Give back an exact copy of the listing that follows, without the pictures.

• **Data block**
***

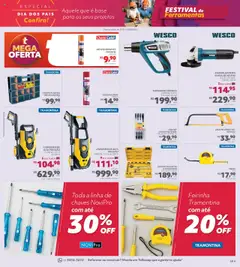 Telhanorte Folheto - válido de 31.07.2025 | Página: 9 | Produtos: Soquetes, Base, Esmerilhadeira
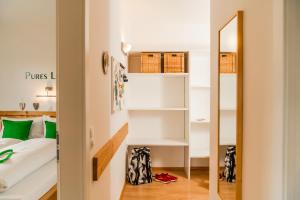 Posteľ alebo postele v izbe v ubytovaní Alpin Appartement Reinhard Tritscher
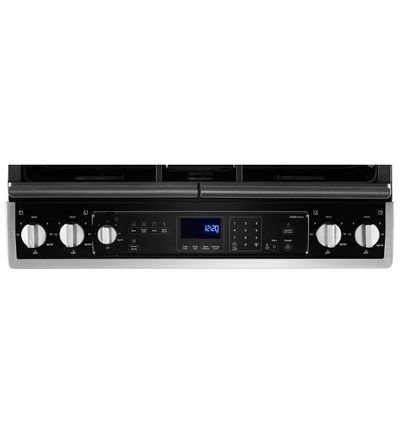 30" Whirlpool 5.8 Cu. Ft. Front Control Gas Range with EZ-2-Lift - WEG745H0FH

***

• **Solution to this task**
 Telhanorte Folheto - válido de 31.07.2025 | Página: 9 | Produtos: Soquetes, Base, Esmerilhadeira
 Posteľ alebo postele v izbe v ubytovaní Alpin Appartement Reinhard Tritscher
 30" Whirlpool 5.8 Cu. Ft. Front Control Gas Range with EZ-2-Lift - WEG745H0FH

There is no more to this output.